● YOUR OBJECTIVE
Pictures must be left out. Print the lines from the beginning of the material through the line holding "cm, Mischling, Tierschutz", exactly and nothing else.

● GIVEN RECORDS
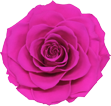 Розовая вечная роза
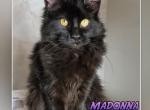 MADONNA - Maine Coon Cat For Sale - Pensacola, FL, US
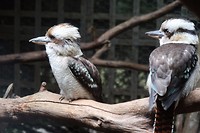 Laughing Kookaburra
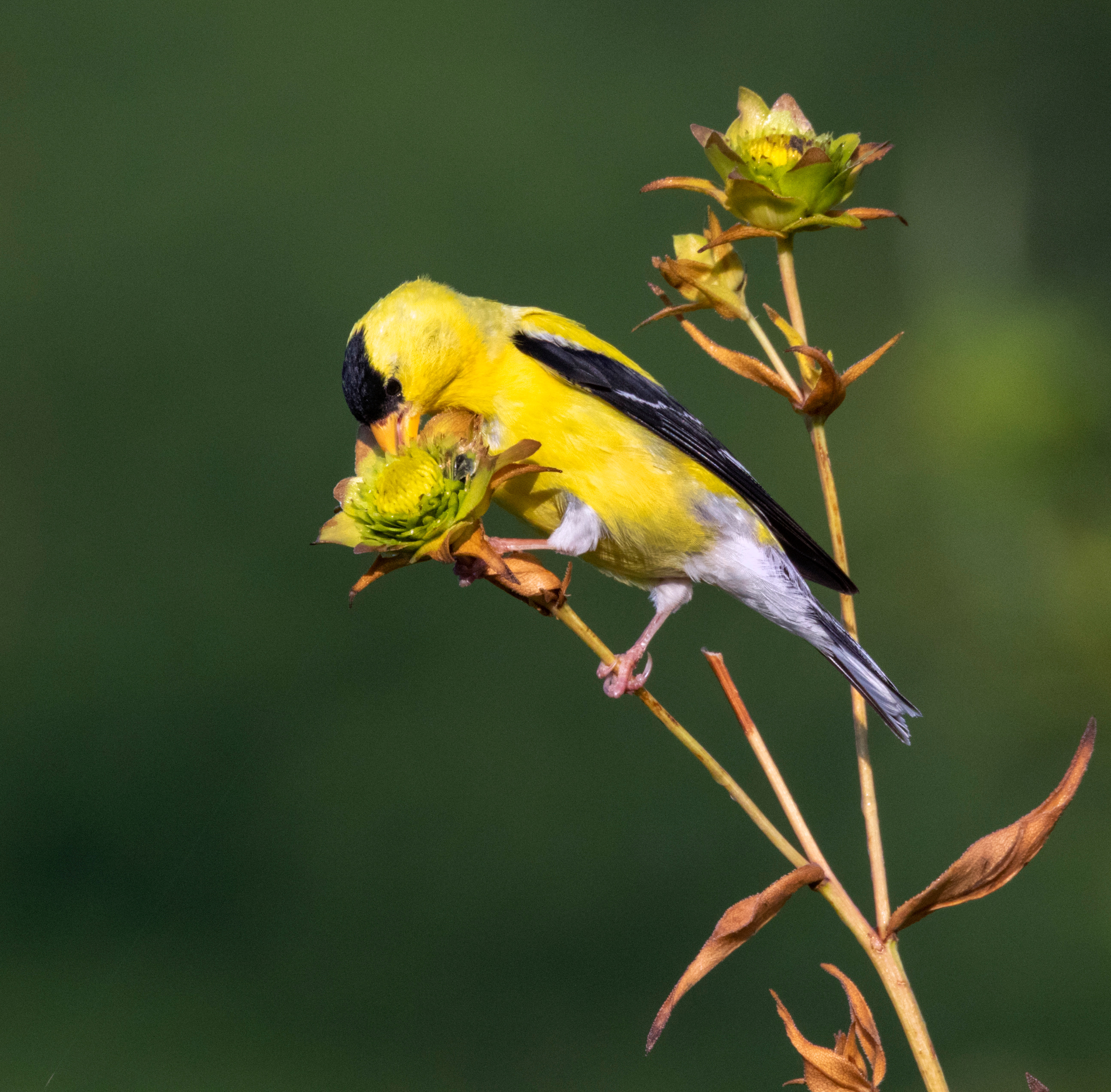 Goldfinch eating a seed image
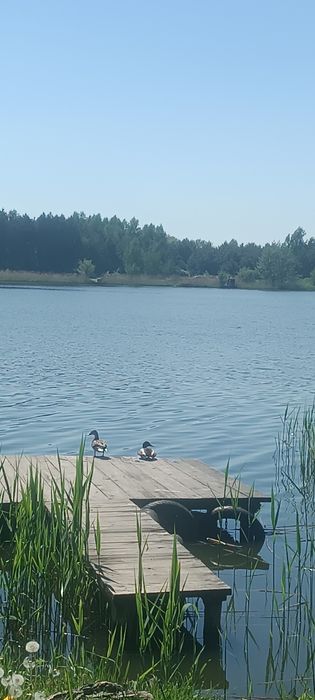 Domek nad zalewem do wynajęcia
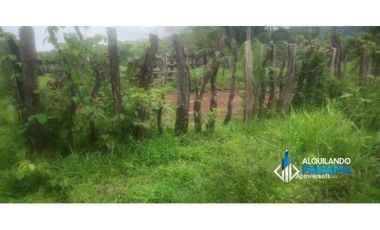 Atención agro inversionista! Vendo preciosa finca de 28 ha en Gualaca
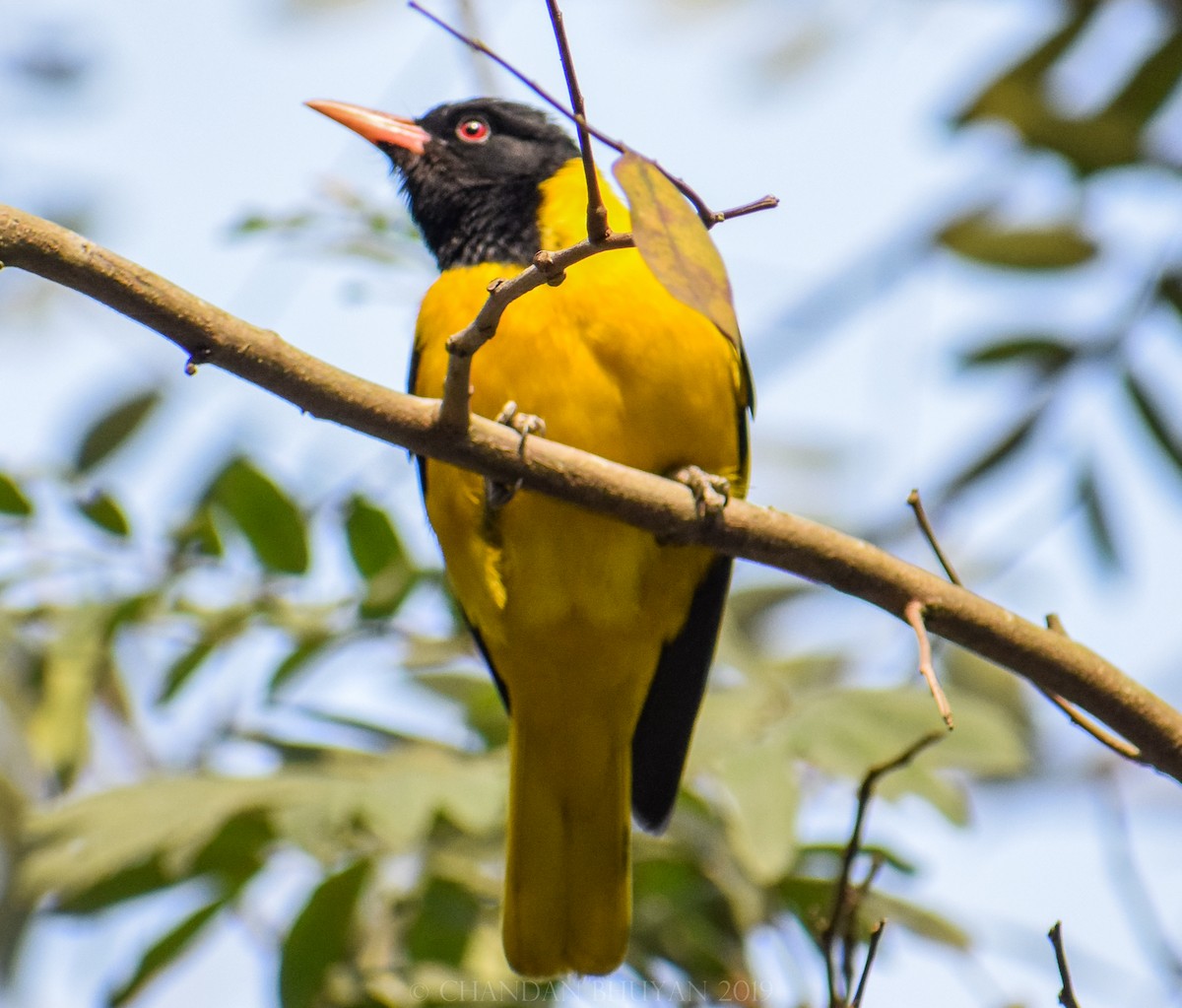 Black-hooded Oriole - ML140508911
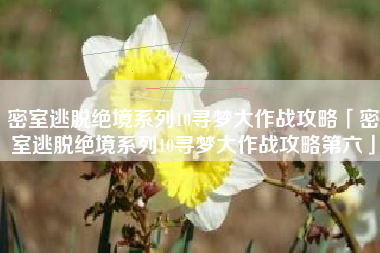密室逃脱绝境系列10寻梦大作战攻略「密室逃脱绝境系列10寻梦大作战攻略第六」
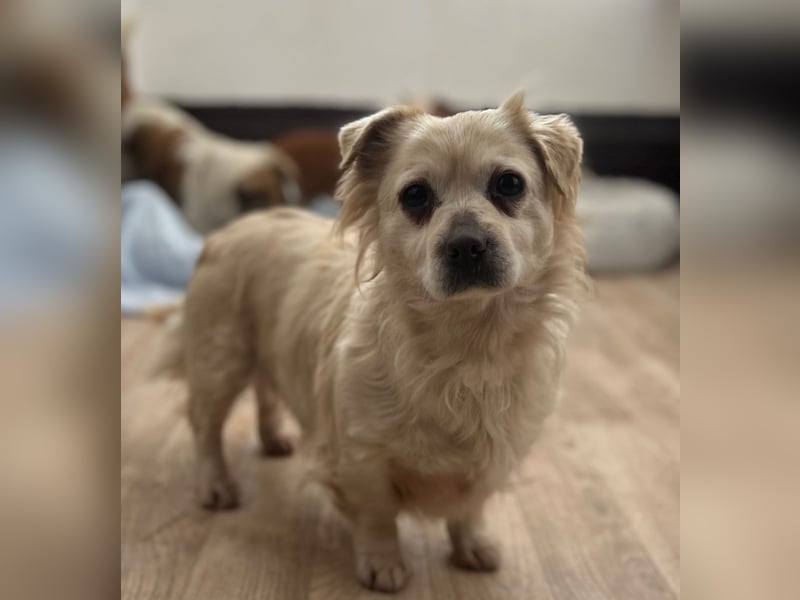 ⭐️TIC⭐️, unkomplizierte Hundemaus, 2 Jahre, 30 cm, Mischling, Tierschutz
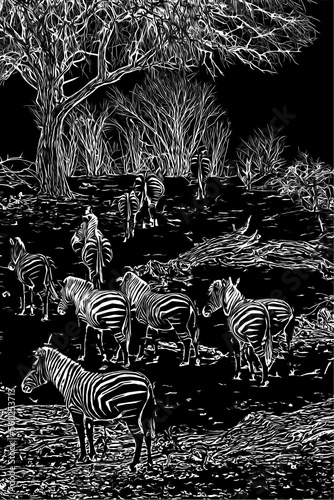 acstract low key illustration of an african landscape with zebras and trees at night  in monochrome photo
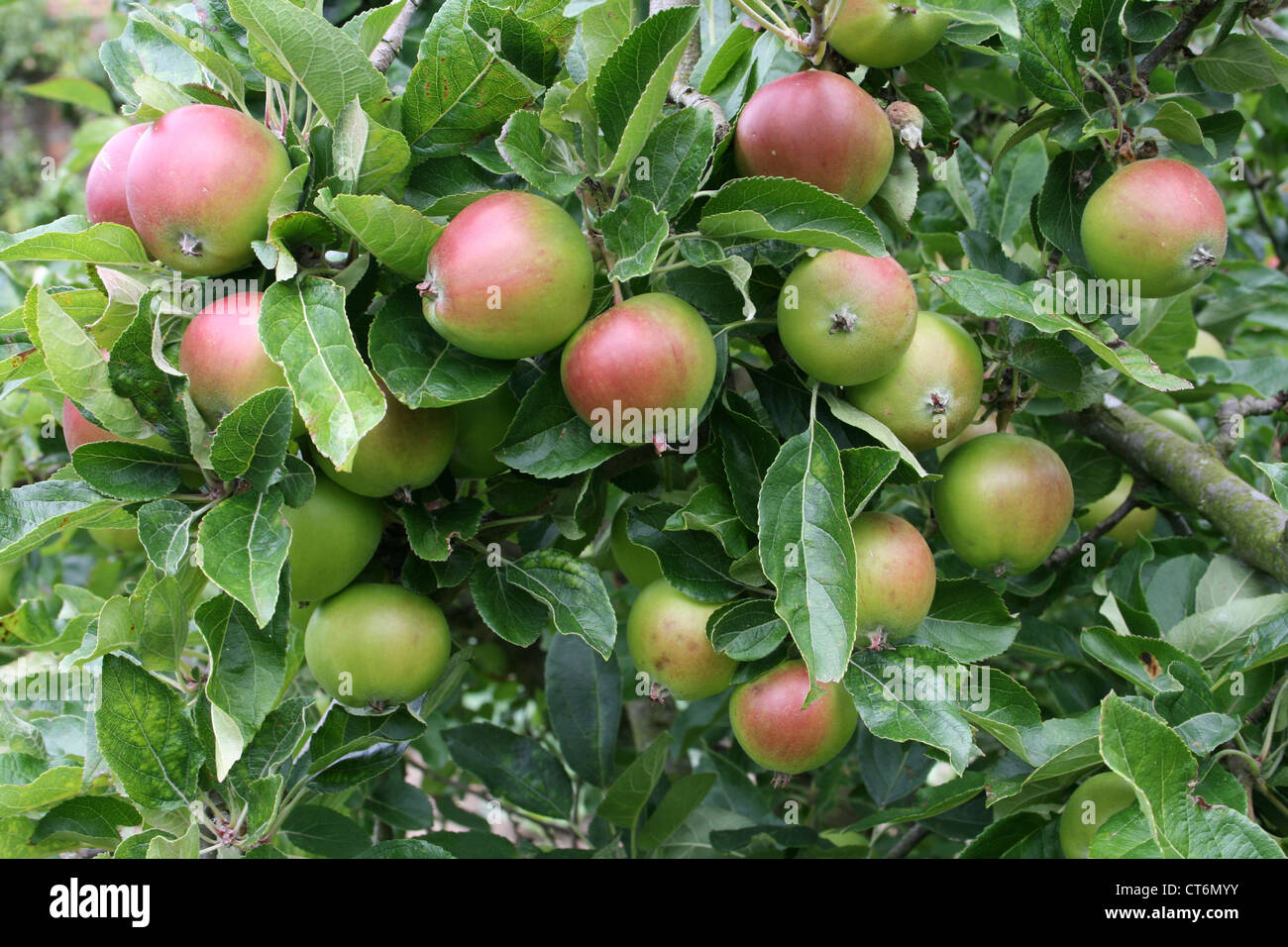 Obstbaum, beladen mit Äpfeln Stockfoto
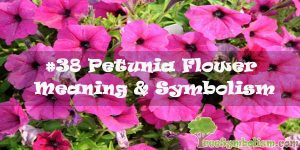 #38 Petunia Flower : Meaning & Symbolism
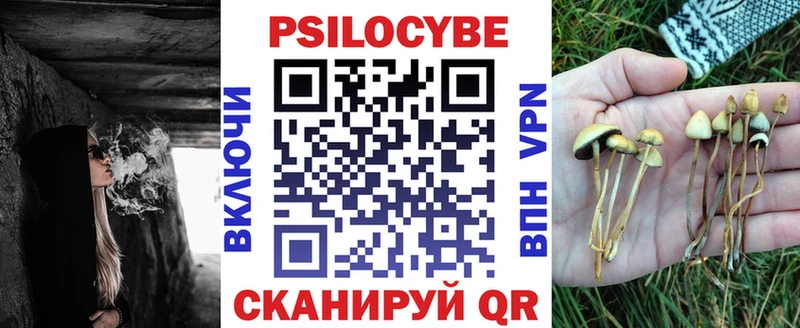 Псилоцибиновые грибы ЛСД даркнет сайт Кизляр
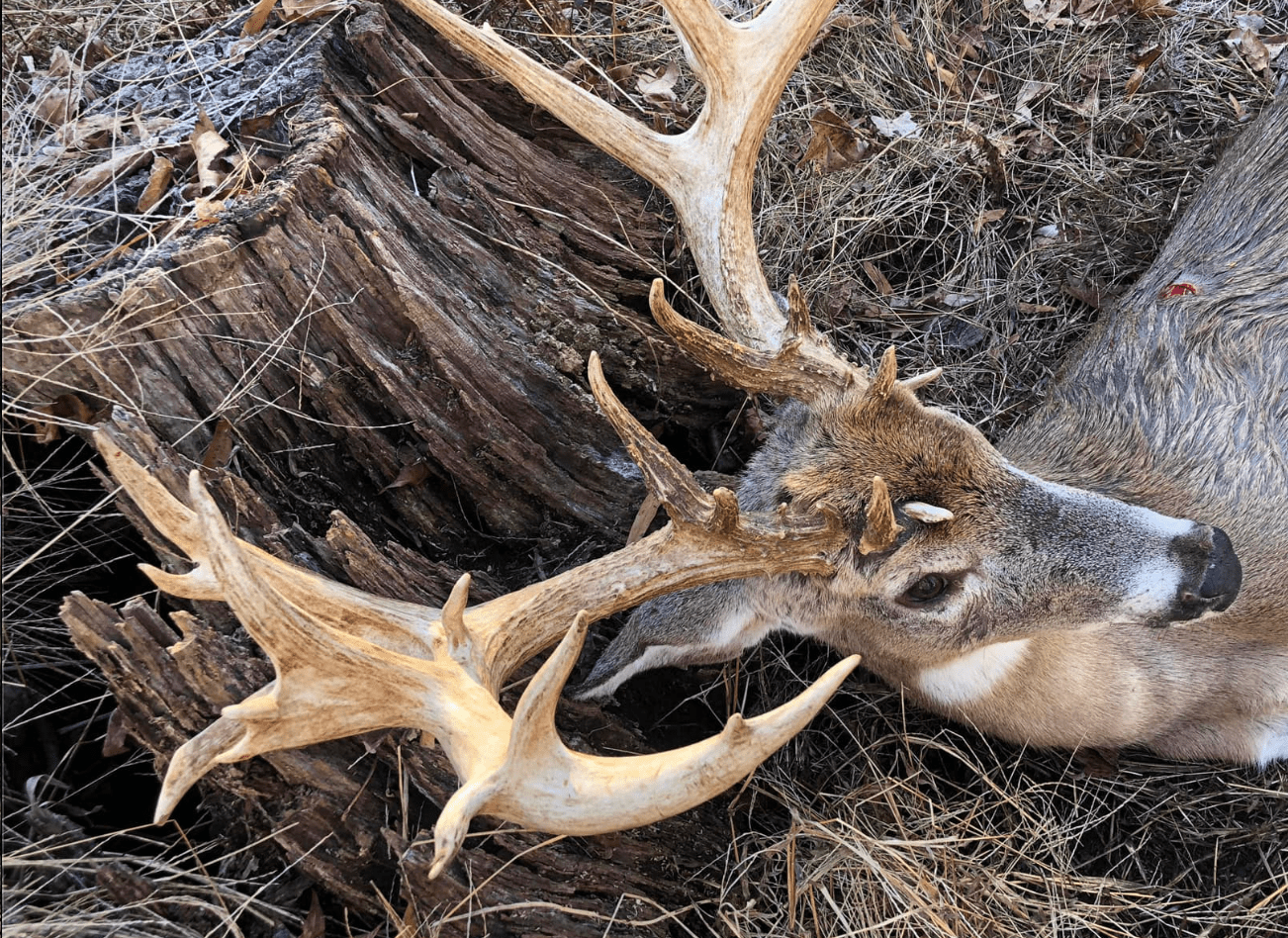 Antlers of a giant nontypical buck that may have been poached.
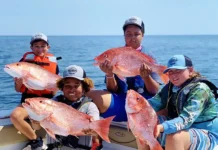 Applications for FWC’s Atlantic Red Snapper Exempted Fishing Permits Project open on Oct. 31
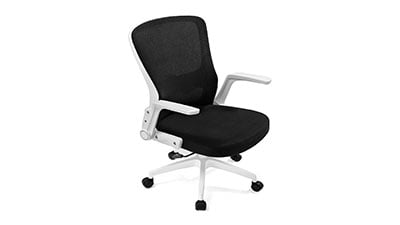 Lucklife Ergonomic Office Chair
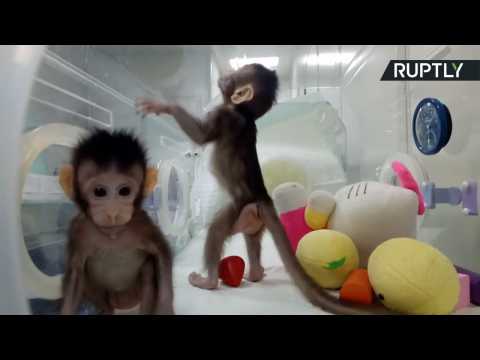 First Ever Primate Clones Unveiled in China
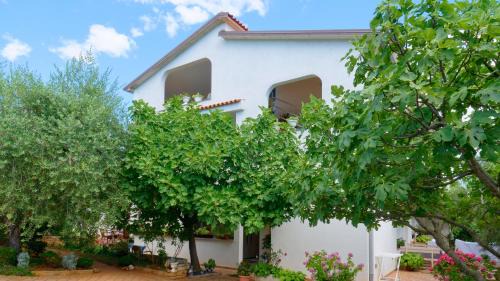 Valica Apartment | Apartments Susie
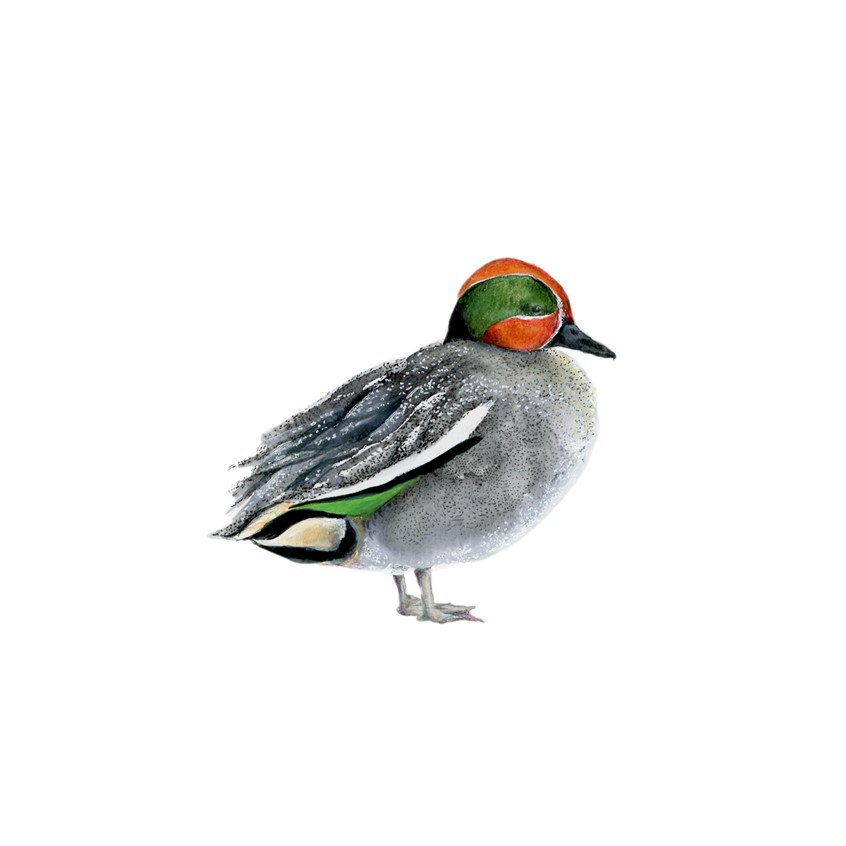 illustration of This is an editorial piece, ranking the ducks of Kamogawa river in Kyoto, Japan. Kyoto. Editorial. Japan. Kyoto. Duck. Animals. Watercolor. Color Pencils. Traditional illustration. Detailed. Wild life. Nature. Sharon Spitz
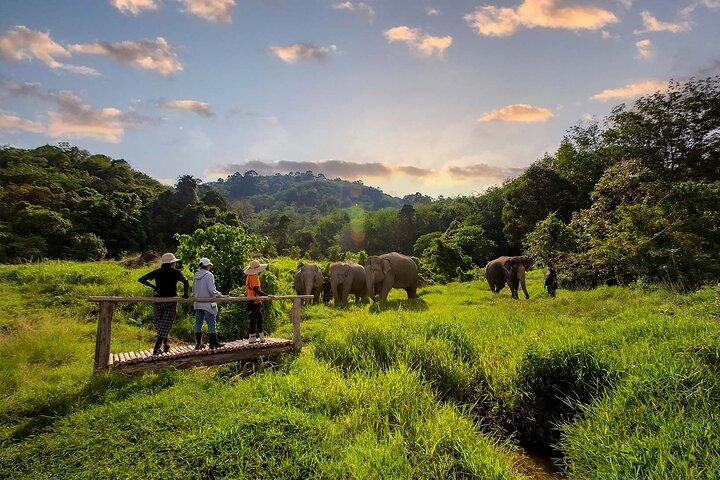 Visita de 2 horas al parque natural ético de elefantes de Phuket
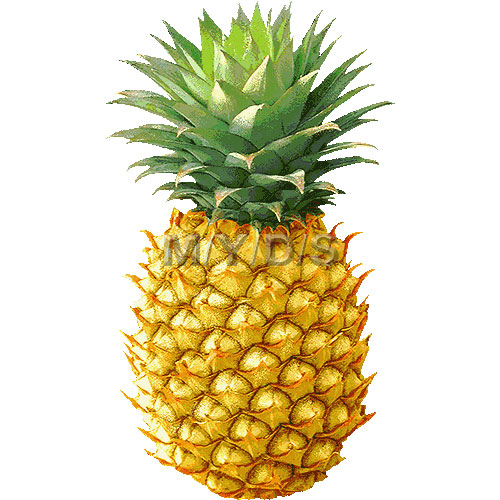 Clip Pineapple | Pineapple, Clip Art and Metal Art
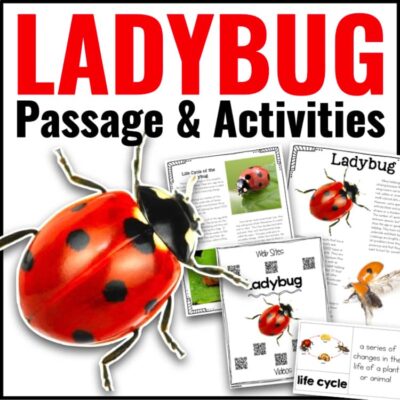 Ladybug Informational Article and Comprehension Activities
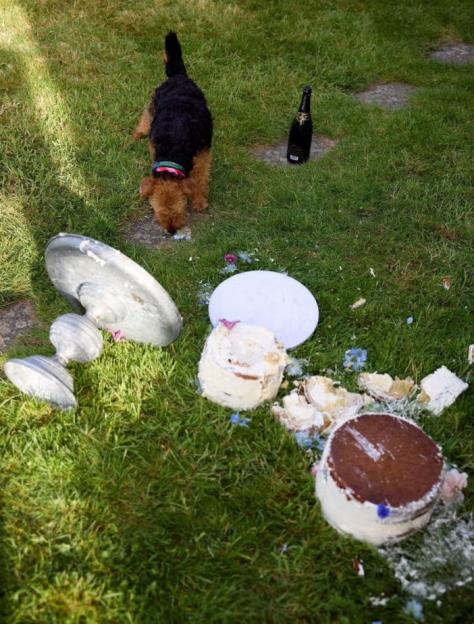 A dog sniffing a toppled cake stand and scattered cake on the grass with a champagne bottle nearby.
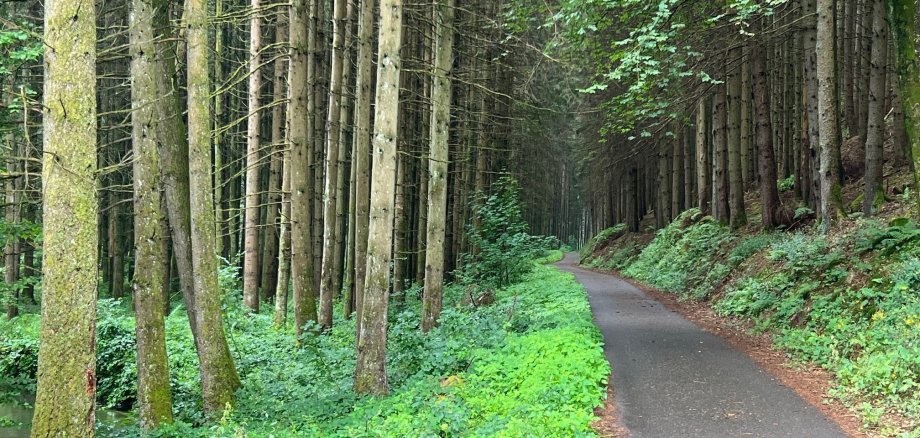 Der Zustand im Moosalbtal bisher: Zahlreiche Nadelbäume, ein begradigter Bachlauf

● SOLUTION TO THIS TASK
 Розовая вечная роза
 MADONNA - Maine Coon Cat For Sale - Pensacola, FL, US
 Laughing Kookaburra
 Goldfinch eating a seed image
 Domek nad zalewem do wynajęcia
 Atención agro inversionista! Vendo preciosa finca de 28 ha en Gualaca
 Black-hooded Oriole - ML140508911
密室逃脱绝境系列10寻梦大作战攻略「密室逃脱绝境系列10寻梦大作战攻略第六」
 ⭐️TIC⭐️, unkomplizierte Hundemaus, 2 Jahre, 30 cm, Mischling, Tierschutz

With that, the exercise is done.